Wirelessly Powered Communications: From Signal Optimization to Antenna Design
Time: Wed 2022-06-15 13.30
Location: Kollegiesalen, Brinellvägen 8, Stockholm
Video link: ink for online defense
Subject area: Electrical Engineering
Doctoral student: Boules Atef Mouris , Teknisk informationsvetenskap
Opponent: Professor Aggelos Bletsas, Technical University of Crete
Supervisor: Associate Professor Ragnar Thobaben, Teknisk informationsvetenskap
Future internet-of-things (IoT) and beyond 5G communication systems are envisioned to offer large-scale wireless connectivity where the different components of life, society and industry are connected in a smart yet sustainable way. The need for continuous battery charging and/or replacement is a bottleneck for sustainability in these systems. As the number of battery-powered wireless devices grows, it is associated with an increase in both the maintenance costs and the impact on the environment. Wireless power transfer (WPT) is a promising solution to enable self-sustainable operation and limit battery usage in the enormous amount of devices that the future wireless systems will bring.
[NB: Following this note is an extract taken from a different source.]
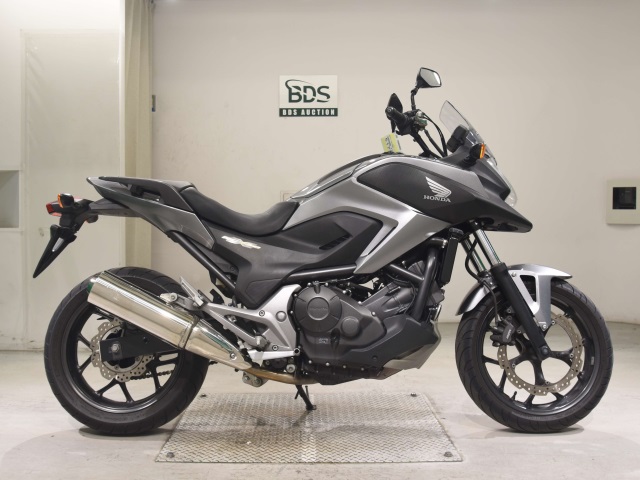 Honda NC750X 2016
WPT co-exists by nature with other well-established communication systems. However, WPT signals are usually transmitted at a higher power level than information signals to overcome propagation losses and provide sufficient power to the receiver. Therefore, when designing a WPT system, it is essential to consider and minimize its impact on the co-existing and co-located communication systems. Moreover, in order to enable wirelessly powered communication (WPC) nodes, efficient WPT is not enough on its own but it is also important to minimize the power consumption of the node and optimize its energy usage. This thesis investigates the above described issues from both a theoretical and an implementation perspectives. It is divided into two parts; the first part focuses on signals and system level optimization with the goal of achieving wirelessly powered sensing nodes, the second part concerns enabling simultaneous wireless information and power transfer (SWIPT) by exploring novel designs of antennas and microwave components.
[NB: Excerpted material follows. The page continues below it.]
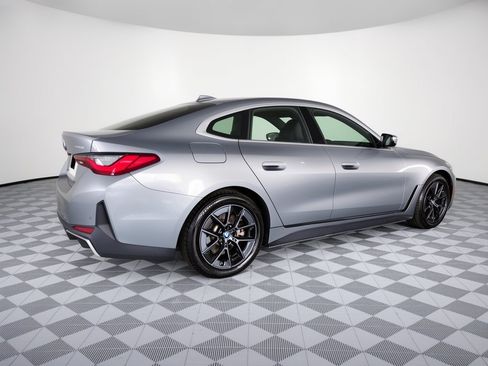 Used 2023 BMW i4 eDrive40 w/ Premium Package RWD image 7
In the first part of the thesis, we first study the optimization of multi-tone signals to maximize the efficiency of WPT. We discuss and consider different practical non-linear energy harvester models in the problem formulation. Taking into account the in-band co-existing communication links, we provide the optimal weights for the multi-tone signals that maximizes the efficiency of WPT while minimizing the interference. The performance gains obtained using our optimization methods are highlighted through comparisons with other solutions existing in the literature. Furthermore, we present a low-complexity algorithm for designing the multi-tone signal in order to enable practical implementation. Secondly, we study the use of analog joint source-channel coding (AJSCC) in low-power sensing schemes. We propose a novel low-complexity dimension reduction mapping that is used to compress multiple sensor readings into one signal, and thus, limits the power consumption at the sensing node. We provide a comprehensive analysis of the distortion performance of our proposed mapping. We also show that energy scheduling can be utilized to improve the distortion performance of the compression mapping. Moreover, we discuss the practical circuit implementation of our proposed mapping and explain that it provides a very good distortion performance compared to the other AJSCC benchmarks despite having a much lower complexity circuit implementation. The findings of the first part of the thesis are valuable within the context of efficient and practical usage of WPT to energize a low-power IoT sensing node.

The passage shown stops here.